Pour combler son déficit, la télévision européenne a cherché des sponsors partout, en particulier au Qatar. 292 publireportages pour la monarchie du Golfe ont été diffusés depuis début 2023. Et le média prévoit aujourd’hui d’ouvrir des bureaux régionaux en Azerbaïdjan et en Ouzbékistan pour produire davantage de « contenus partenaires ». Il est loin le rêve d’un journalisme ouvert et transnational. Bienvenu au royaume du fric et du lobbying.
La vidéo a le ton, l’angle et l’allure d’un reportage. Mais un détail cloche avec l’épisode de l’émission Focus d’Euronews consacrée à la COP 29 qui s’est tenue en novembre 2024 en Azerbaïdjan. Un discret « en partenariat avec Azpromo » apparaissant trois secondes à la fin du reportage explique ce malaise : Azpromo est l’acronyme du Fonds azerbaïdjanais de promotion des exportations et des investissements, une entreprise publique privée conjointe créée par le ministère de l’Économie de ce régime autoritaire. Et cela transpire dans le reportage.

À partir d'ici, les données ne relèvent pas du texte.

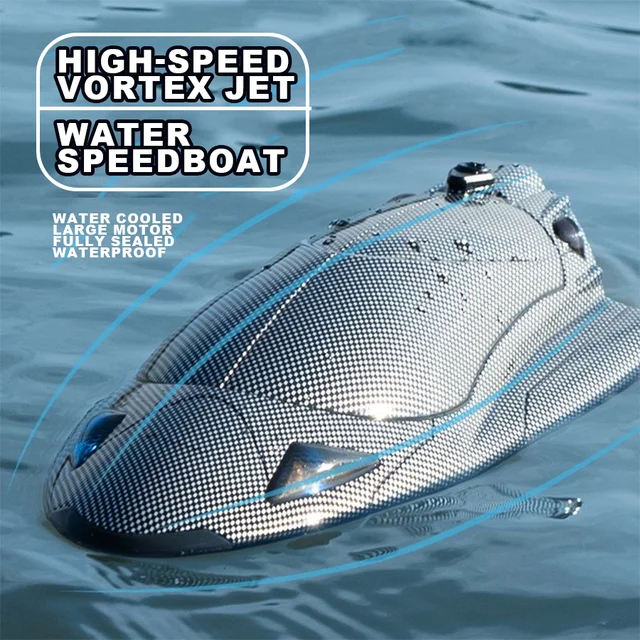 Rc High Speed Rowing Rechargeable Waterproof Remote Control Boat 25Km/h Racing Water High Speed Remote Control Water Boat Toy 1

De l’avis des experts du climat, la COP 29 a été un fiasco. Elle n’a abouti qu’à un accord des pays dits « développés » portant sur le déblocage de 300 milliards de dollars par an pour aider les pays du Sud global les plus vulnérables, au lieu des 1 300 milliards nécessaires pour faire face au dérèglement climatique. Euronews en a pourtant dressé un bilan étonnamment tiède (...)
Le ministre des Affaires étrangères azerbaïdjanais a même bénéficié de 30 secondes pour se féliciter les avancées de cette COP.
838 publireportages
Sur Euronews, ce type de publireportage est monnaie courante. Produire de l’information en continu dans 17 langues coûte cher. Très cher. Au point que le média multilingue est en déficit constant depuis des années. Alors pour rester à flot, la chaîne produit en masse des « contenus sponsorisés », commandés par des États, des entreprises et des institutions, puis diffusés à l’antenne. Au total, Blast a recensé 838 publireportages publiés par Euronews depuis le 1er janvier 2023 et jusqu’au 30 novembre 2024, dont nous révélons la liste complète ici. Sur cette période, la Commission européenne a commandé 296 publireportages, suivie de près par le Qatar avec 292 partenariats, l’Azerbaïdjan avec 44 vidéos, puis l’Ouzbékistan avec 29 reportages. (...)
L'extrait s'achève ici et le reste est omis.